As leaders seek to gain deeper insights into the developments and sentiment within their workforce, the demand for HR analytics is booming. Using the right IT system is essential to getting the most from outfits examining workforce effectiveness – and experts from Quintop Management Consultants have provided four steps to help select the right tool for the job.
Step 1: Understand the business and ask the right questions
According to Quintop’s experts, the most common mistake with choosing any tool within an organisation is looking at technology in isolation. It is important to keep in mind that the end goal of using a people analytics tool is to drive decision making that contributes to achieving organisational goals. It is therefore an important first step to understand the business and its unique needs, before diving into the implementation of a new analytics scheme which might be ill-suited to an organisation’s actual requirements.
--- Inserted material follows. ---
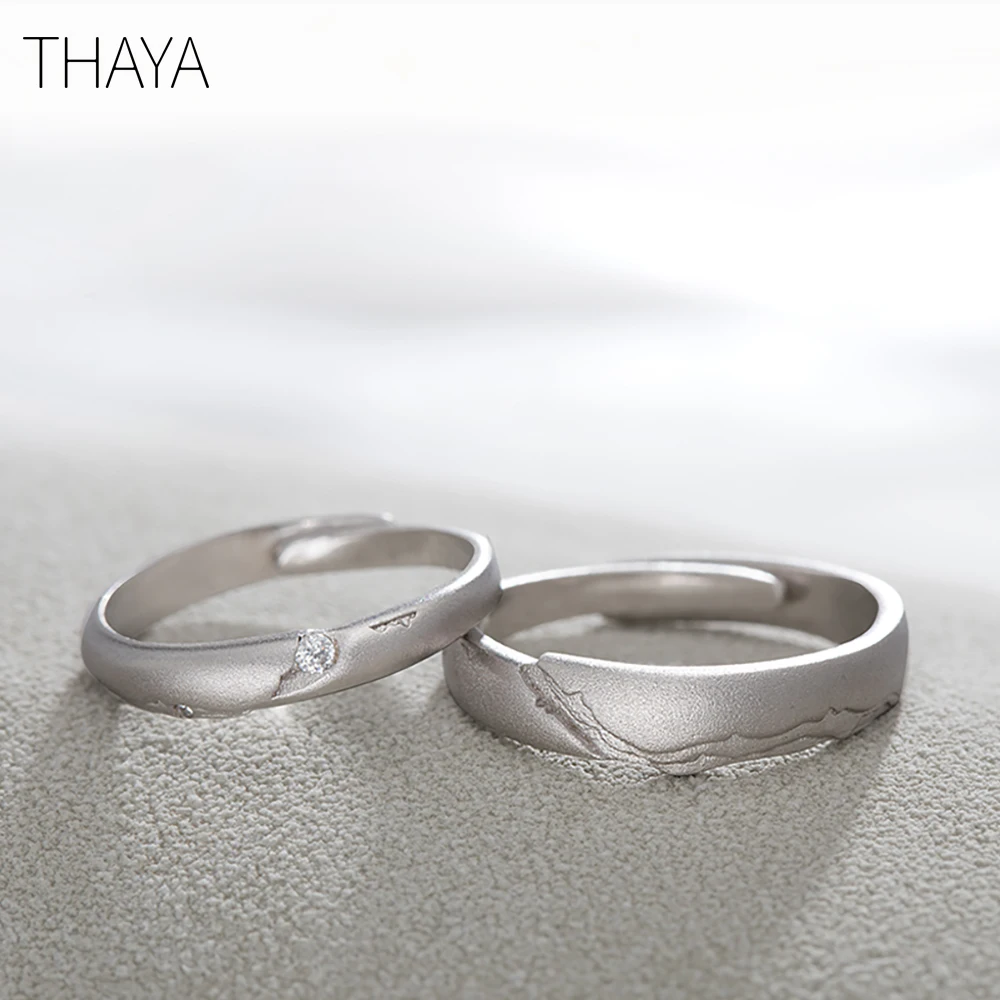 

Thaya Seeking Rings S925 Silver Circular Rock Design Zircon Jewelry Ring for Women Elegant Simple Gift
Focusing on questions which relate to the performance of their HR needs before adopting a new tool will help to ground its implementation in an air-tight business case. For example, if organisations are focused on issues such as their turnover, whether they offer equal pay, how quickly they hope to fill vacancies, they might want to pay attention to tools which are specialised in providing insights into workforce data throughout the whole employee life-cycle.
At the same time, if a company is concerned more with the return on investment of sales training, or profiling its most productive team leaders, an organisation would do well to focus on analytics programmes linking different data sources, both people and non-people related data, and provide answers to these types of questions.
Step 2: Know your data and IT landscape
Quintop’s second piece of advice for companies is to create a clear overview of their IT landscapes, as well as the stored data they will rely on for insights in some important topics. This could save time, as some organisations might be able to leverage analytics tools already implemented and used by other parts of the organisation.
At the same time, this holistic approach to a business’ IT systems could enable cross functional analyses from multiple sources, meaning that for example HR data and finance or sales data could be used to answer questions relating to employee engagement and sales results.
However, when sharing tools, it is important to have a clear authorisation governance to protect the data privacy of employees. Some organisations have strict IT policies that can heavily impact the choices available to different departments. However, relying on previously gathered data from beyond the remit of the department’s mandate can be a risk, as it may be unable to guarantee its accuracy. Ensuring data quality is paramount to successful analytic regimes.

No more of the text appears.